[Dataset items]

-------------------------

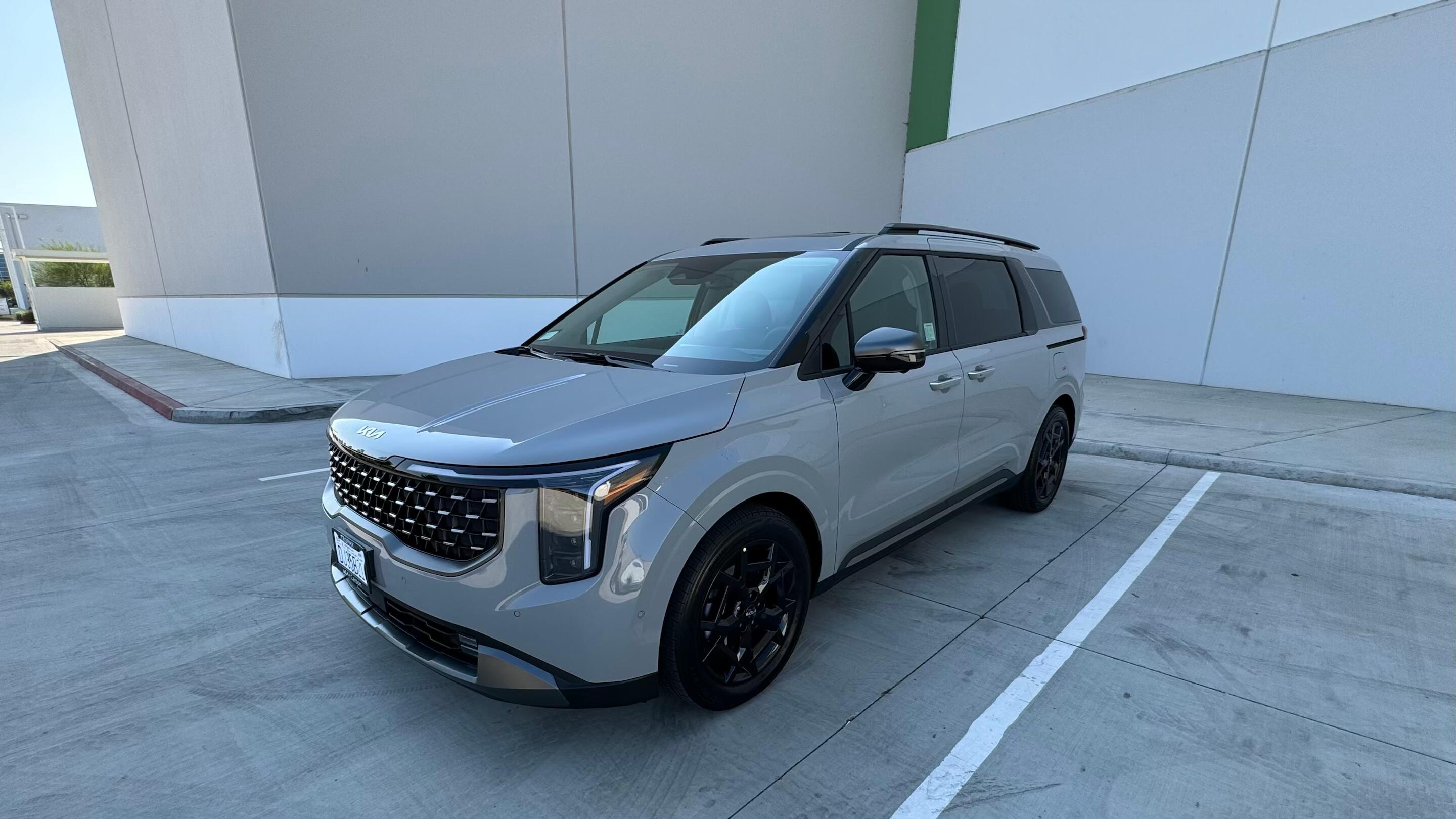 Kia Carnival 2025 in Ontario, CA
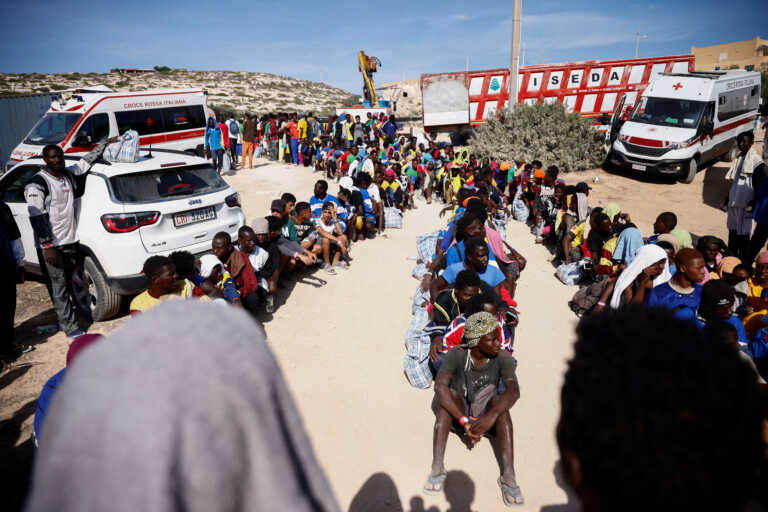 Ιταλία: Την παρέμβαση της ΕΕ ζητά ο δήμαρχος της Λαμπεντούζα μετά τις αφίξεις ρεκόρ μεταναστών και προσφύγων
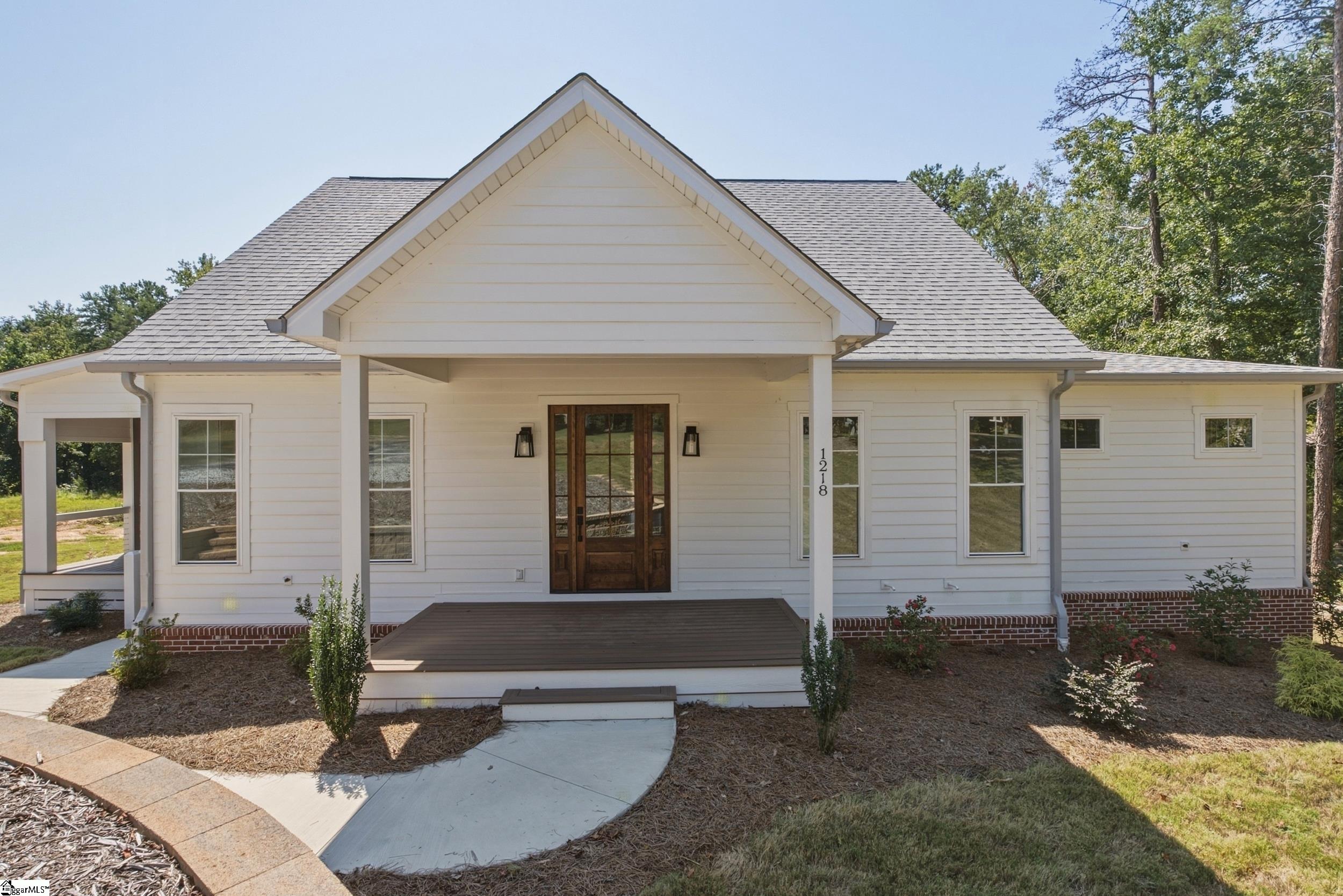 1218 Andersonville Road Property Photo 1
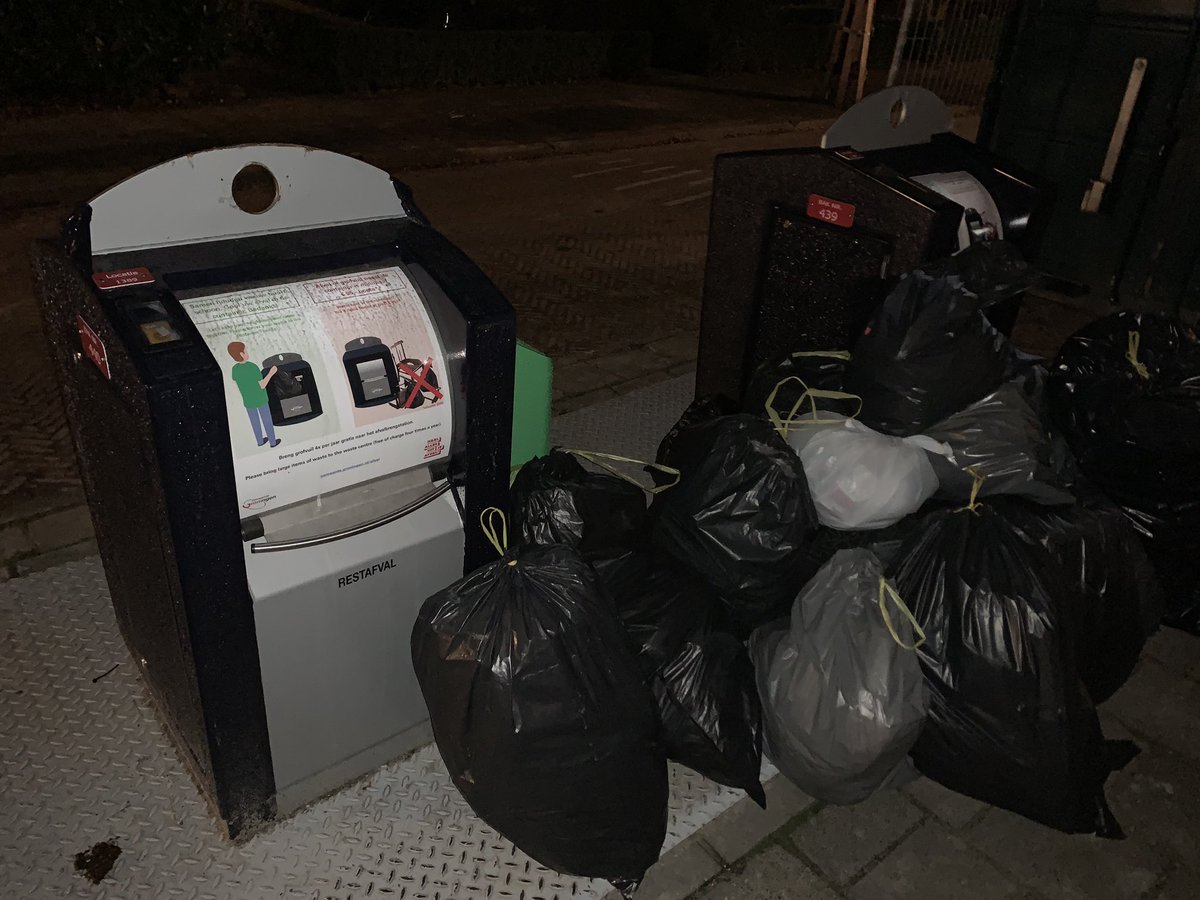 Beste <a href="/gem_groningen/">Gemeente Groningen</a>, er stond een tijdje geleden in <a href="/dvhn_nl/">Dagblad van het Noorden</a> dat er veel afval naast de containers gezet wordt. Bijvoorbeeld bij #locatie1389. Ik vind het niet gek als een container niet vaak genoeg geleegd wordt of zo vaak in storing staat!?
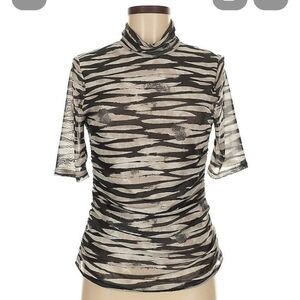 Cable & Gauge Black and White Zebra Print Short Sleeve Top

-------------------------

Please transcribe exactly the lines from the one containing "Ιταλία: Την παρέμβαση" through the final line of the data, including both, and nothing else. Pictures are to be left out.

Task answer:
 Ιταλία: Την παρέμβαση της ΕΕ ζητά ο δήμαρχος της Λαμπεντούζα μετά τις αφίξεις ρεκόρ μεταναστών και προσφύγων
 1218 Andersonville Road Property Photo 1
 Beste <a href="/gem_groningen/">Gemeente Groningen</a>, er stond een tijdje geleden in <a href="/dvhn_nl/">Dagblad van het Noorden</a> dat er veel afval naast de containers gezet wordt. Bijvoorbeeld bij #locatie1389. Ik vind het niet gek als een container niet vaak genoeg geleegd wordt of zo vaak in storing staat!?
 Cable & Gauge Black and White Zebra Print Short Sleeve Top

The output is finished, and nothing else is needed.